WHAT IS NEEDED = Transcribe the entries below word for word, beginning at the line with "view of exterior" and stopping after the line with "A log cabin"; drop all pictures.

** Opening DATASET CONTENT block **

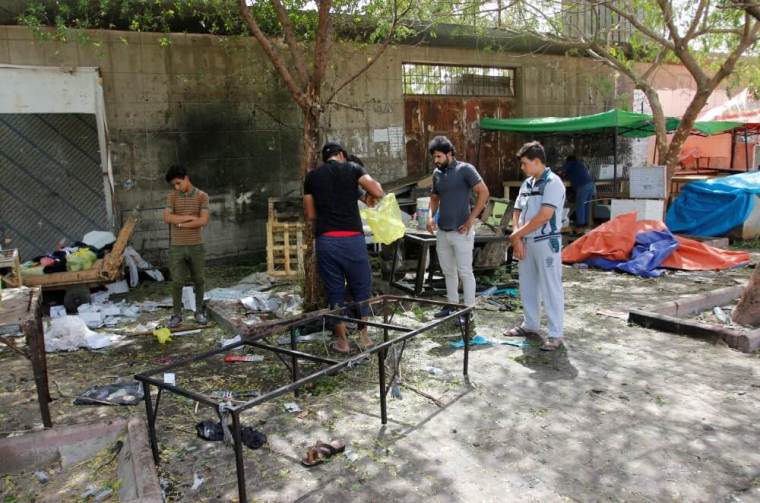 People gather at the site where a suicide bomber detonated his explosive vest at the entrance to Kadhimiya, a mostly Shi'ite Muslim district in northwest Baghdad, Iraq, July 24, 2016.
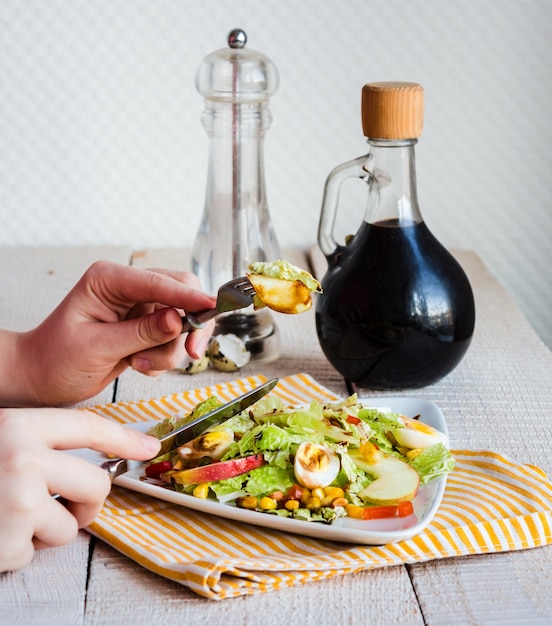 Есть зеленый салат с перепелиными яйцами, кукурузой и яблоком, рука, вилка и нож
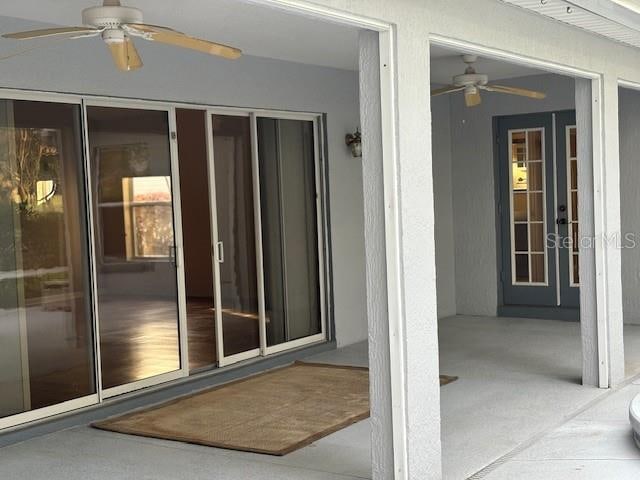 view of exterior entry featuring a patio area and ceiling fan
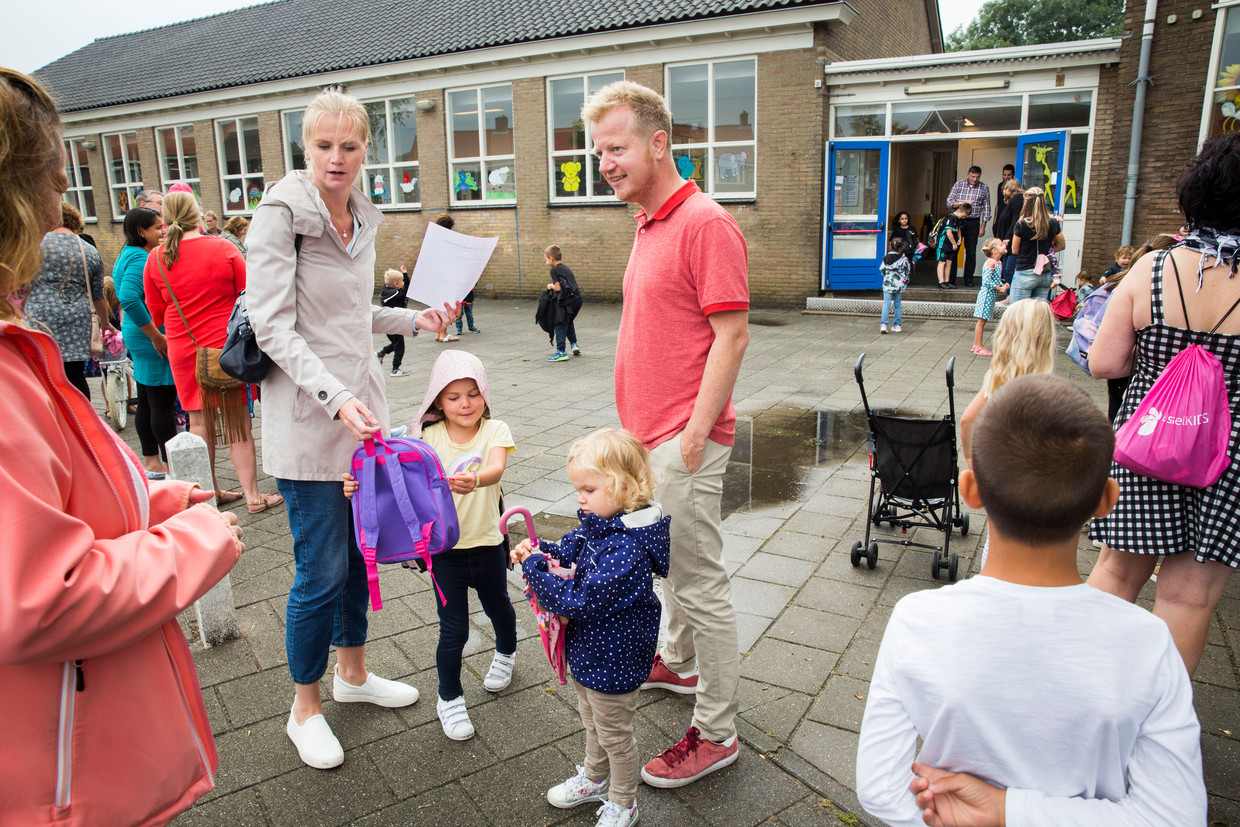 Claudia Haije (lichtblond) haalt haar vierjarige dochter van school in Capelle a/d IJssel. Meester Mark (rechts) en Katinka Meindert (donkerblond) zijn ook mee. Beeld Arie Kievit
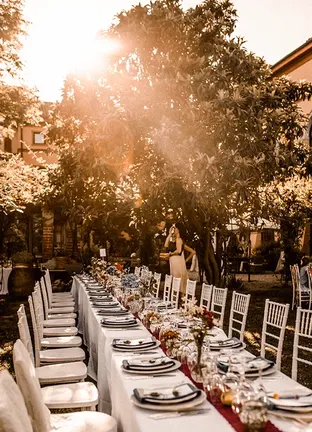 Long outdoor wedding table in warm evening light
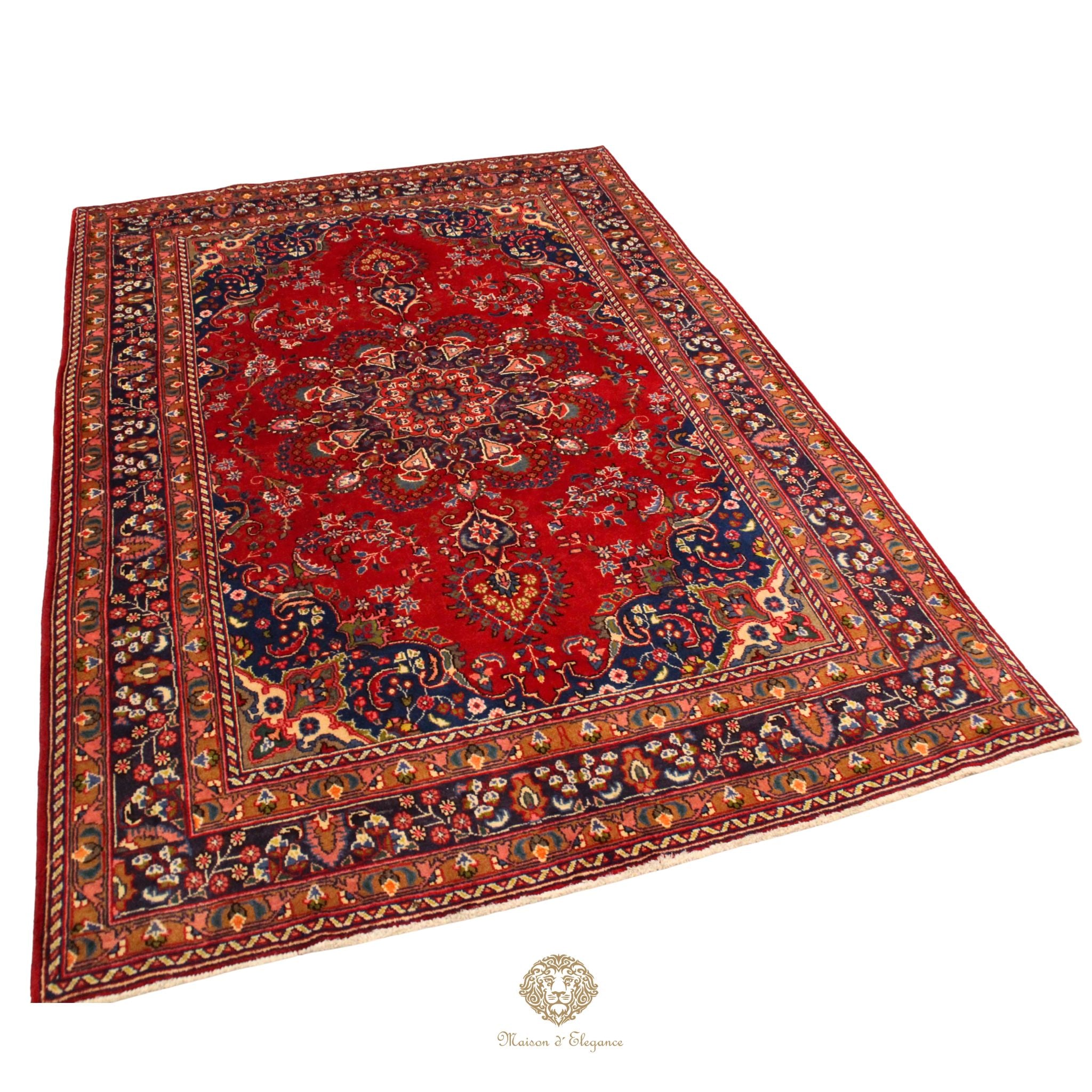 Decorative red and blue patterned rug on a white background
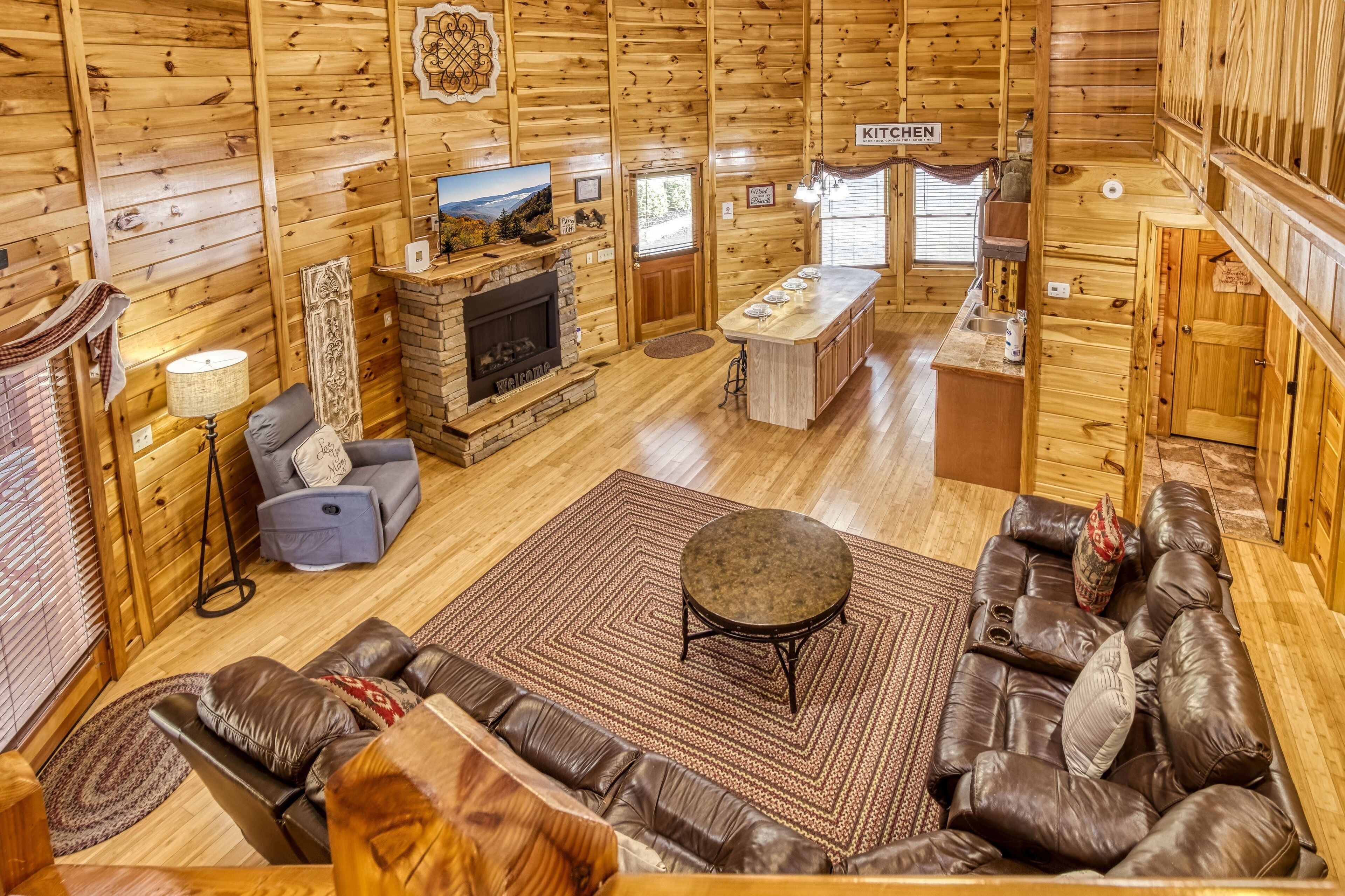A log cabin interior with a fireplace, sofa, and a kitchen area.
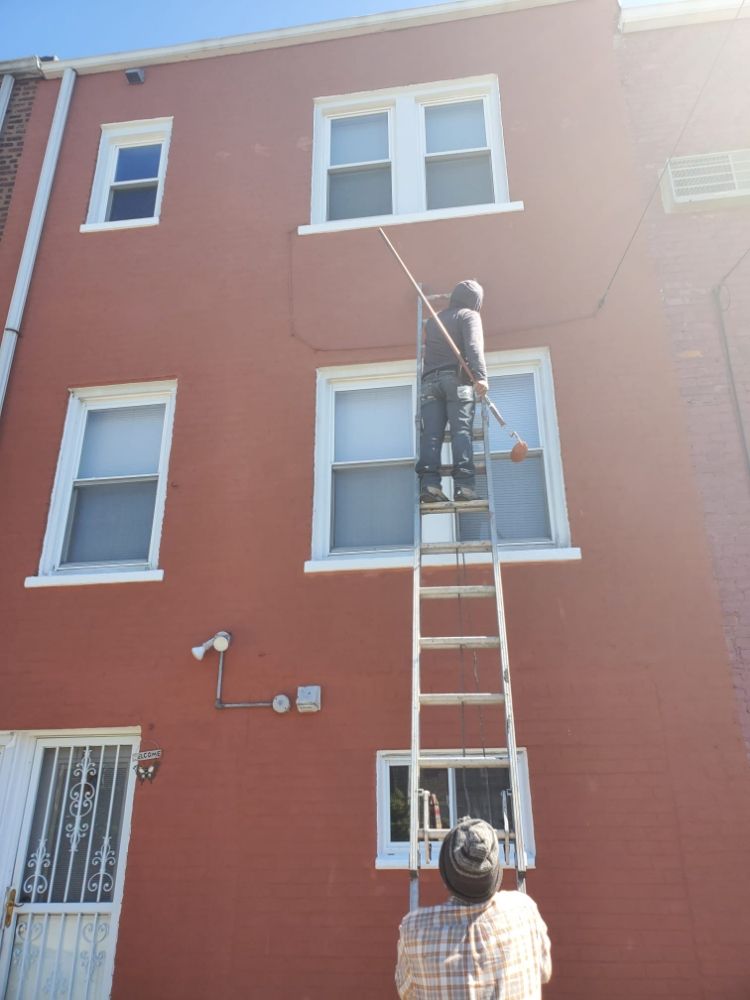 An image showing a home being exterior waterproofed, highlighting the process of creating a dry, leak-free living space.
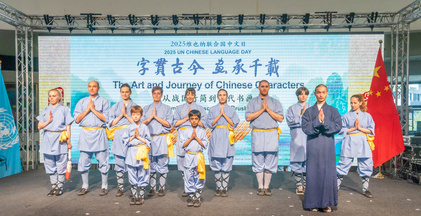 Eine Kampfkunsttruppe steht in Zweierreihe mit Ihrem Kampfkunstlehrer für ein Gruppenphot Model. Die Kampfkünstler*innen sind gekleidet in Chinesicher Kampfkunstkleidung in sanftem Blau mit goldenen Scherpen. Der Kampfkunstlehrer hebt sich ab durch eine Robe in dunklerem Blau. Im Hintergrund ein großes Banner und am Rechten Rand die Rote Flagge der Volksrepublik.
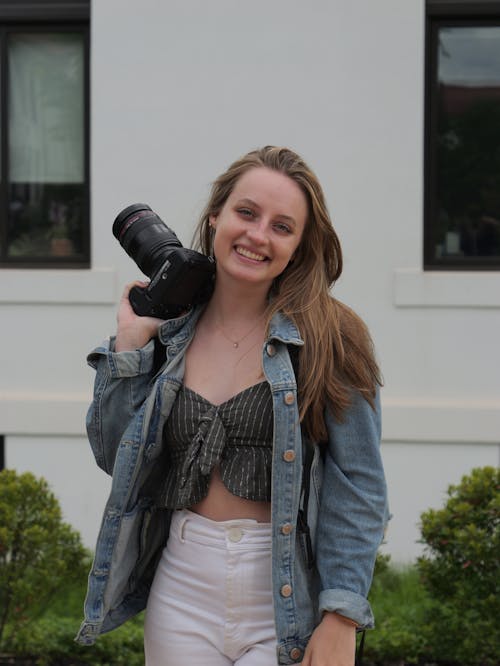 Smiling Woman in Jean Jacket and with Camera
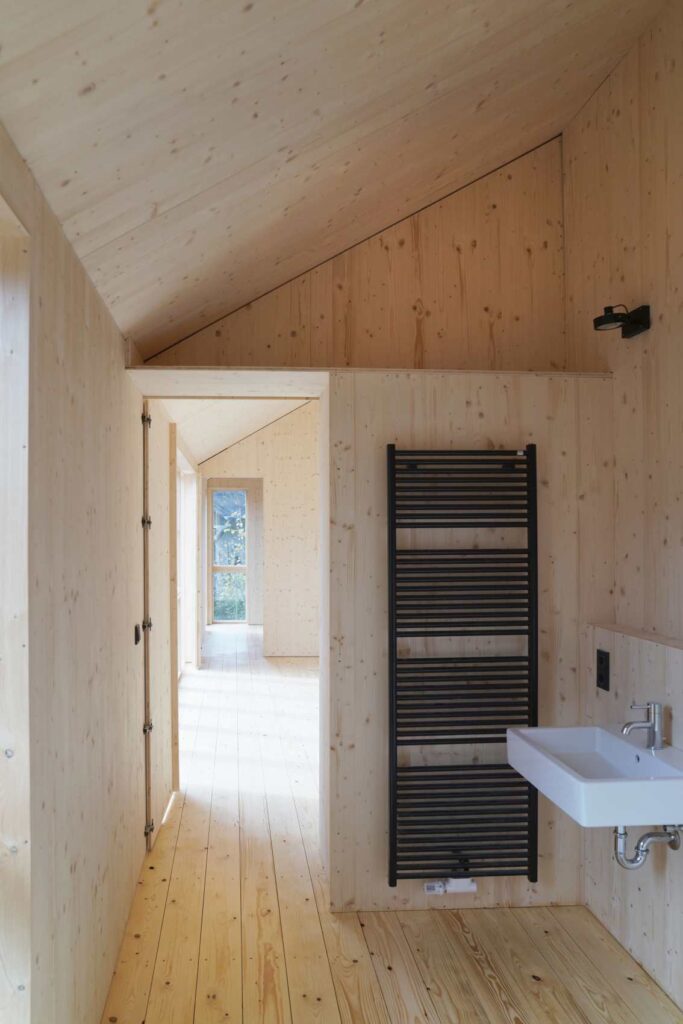 Innenraum eines Holzbaus mit sichtbaren Massivholzwänden und Holzdecke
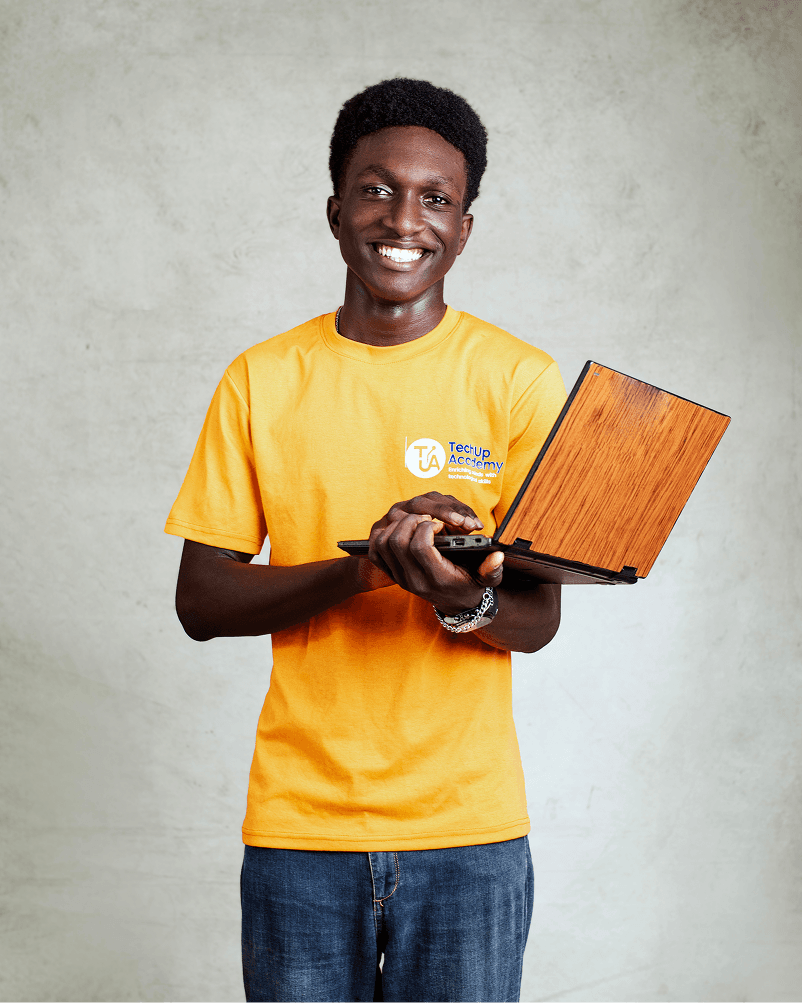 Scholarship applicant holding a laptop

** Closing DATASET CONTENT block **

THE ANSWER =
 view of exterior entry featuring a patio area and ceiling fan
 Claudia Haije (lichtblond) haalt haar vierjarige dochter van school in Capelle a/d IJssel. Meester Mark (rechts) en Katinka Meindert (donkerblond) zijn ook mee. Beeld Arie Kievit
 Long outdoor wedding table in warm evening light
 Decorative red and blue patterned rug on a white background
A log cabin interior with a fireplace, sofa, and a kitchen area.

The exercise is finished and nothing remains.